While Donald Trump was never shy about criticizing Barack Obama for wasteful spending during his presidency, it looks like the new commander in chief is now saddling taxpayers with even more extravagant bills than his predecessor. According to newly uncovered Homeland Security budget documents, it costs $18 million a month for the Secret Service to protect Trump from accidentally killing himself in the bathroom.
Yep. That is one hefty price tag.
Since moving into the White House, the president’s bathroom habits have created a host of new security challenges for his Secret Service detail. On multiple occasions, Trump has almost accidentally hanged himself after getting his neck caught inside the toilet seat, and he’s twice had to get his stomach pumped after mistaking decorative potpourri for snacks. Unable to figure out the bathtub drain, Trump will often try to evaporate his bathwater with an armful of hairdryers, requiring two agents to stand guard at all times to prevent him from electrocuting himself.
Donald Trump’s campaign promise to cut government spending seems to be a distant memory now that he is racking up these massive bathroom security costs.

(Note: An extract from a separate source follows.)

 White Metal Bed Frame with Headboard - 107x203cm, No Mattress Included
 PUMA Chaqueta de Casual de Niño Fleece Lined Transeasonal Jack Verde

Already, millions of dollars in security infrastructure have been installed in the White House master bathroom to ensure the president’s safety. The marble floors have had to be replaced with expensive custom stick mats after multiple scares involving Trump running too fast in sweaty dress socks and slipping violently into the bathroom counter. The monogrammed White House towels, the rigid corners of which repeatedly managed to slice open Trump’s delicate skin, have now been replaced with specially engineered, silk-based rounded towels at an eye-popping cost of $10,000 a piece.
The glass shower door in the bathroom proved to be a liability after the president mistakenly smashed his head through it on the evening of his inauguration, requiring the installation of a safer, more visible shower rod and curtain. However, Trump’s propensity for getting perilously tangled in the curtain to the point of restricting blood flow has forced the Secret Service to abandon the curtain as well, and now agents employ a costly hydraulic platform to safely move him in and out of the shower. Furthermore, the bathroom’s toilet bowl and sink basins have all been safeguarded with high-tensile-strength industrial webbing to restrict the president from toppling face-forward and accidentally drowning himself.
“As expensive as these modifications are, the most staggering costs are in training and maintaining the security task force so that they can be ready at a moment’s notice, 24 hours a day, to monitor the president in the restroom and assist him in safely executing his hygiene tasks without incident,” said a high-ranking Secret Service official on the condition of anonymity. “Without a team of elite security experts on hand to secure the president’s oral cavity with a protective mesh screen, there’d be an alarmingly high chance of him fatally choking on his toothbrush or even severing his uvula with a comb. Quite plainly, this is a matter of national security.”
In a move that should further incense the American taxpayer, the same exorbitant modifications made to his White House bathroom have also had to be implemented in bathrooms at his Mar-a-Lago estate in Florida, his residence in Trump Tower, and on Air Force One—the latter of which has been outfitted with a military-grade harness to prevent the president from dislodging the toilet module and getting vacuum-sucked out of the aircraft. Additionally, when traveling to and from engagements, a 10-vehicle lavatory-operations envoy must tag along with the motorcade to ensure that the president is not at risk should he need to make a restroom pit stop mid-route.
With a total bill of $216 million a year, the cost of keeping Trump from accidentally killing himself in the bathroom amounts to over two-thirds of the annual budget for the National Endowment for the Arts—a program from which Trump’s administration has pledged to eliminate funding entirely in coming years. For a billionaire who has never shied from bashing wasteful spending in politics, you’d think perhaps he’d be more careful about flushing so much money down the drain.